Film Reviews
Tea with the Dames. Photo by © Mark Johnson

Truly, in the midst of movies that call for blood, curses, and mayhem, "Tea with the Dames" offers those ingredients elegantly and eloquently from dames of the British realm who are also stars of stage and screen. At tea are Dame and Lady Joan Plowright, Dame Maggie Smith, Dame Judi Dench, and Dame Eileen Atkins.

Originally titled "There's Nothing Like a Dame," – indeed that title can be seen on a clapper board mid-film – the film was conceived by Roger Michell, the South African director responsible for "Notting Hill," among other films. He brought together these old friends, old colleagues, now in their golden years but with articulate memories – even if one has to help the other. For example, Dench cannot remember her response to a director who asked her to play the female lead in Shakespeare's "Anthony and Cleopatra." It takes Joan Plowright to deliver Dench's turn-down: "You don't want a menopausal dwarf to play Cleopatra."

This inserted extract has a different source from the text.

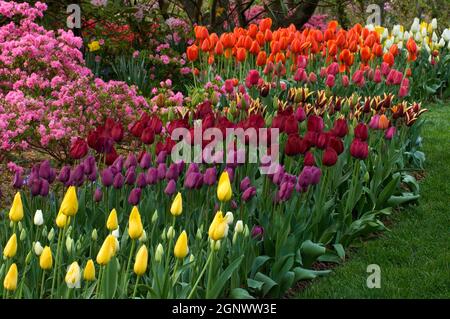 Tulips impianto di massa, giardino Cherrydell, Leura, Blue Mountains, NSW con azalee in background., Credit:Chris L Jones / Avalon Foto Stock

That sends the ladies into gales of laughter, a common enough response to Michell's questions about their early acting careers, their husbands (including fellow actors like Laurence Olivier), and their children -– or "small people," as Maggie Smith calls them. When he asks each woman what she would tell her younger self, Dench declares, "When in doubt, don't." Then, she muses, "I wonder what that is in Latin," as if the mother tongue would make the line more impressive. Michell delivers with a subtitle: "cum dubito desisto."

Michell also backs up the women's memories with films of their work at the National Theater, the BBC, and films. It's magic through and through.

Plowright is blind and Dench nearly so. Several of the women are hard of hearing, but the others kindly speak up for their sakes, knowing how to speak to the balcony. But they are all national treasures, to borrow Tracey Ullman's line about Judi Dench. There are plenty of slaps at that actor's reputation as the pre-dominant dame including moments over the closing credits.

"Tea with the Dames" is literate, funny, poignant, a respite and a reminder. Utterly delicious, this tea with Champagne with the Dames.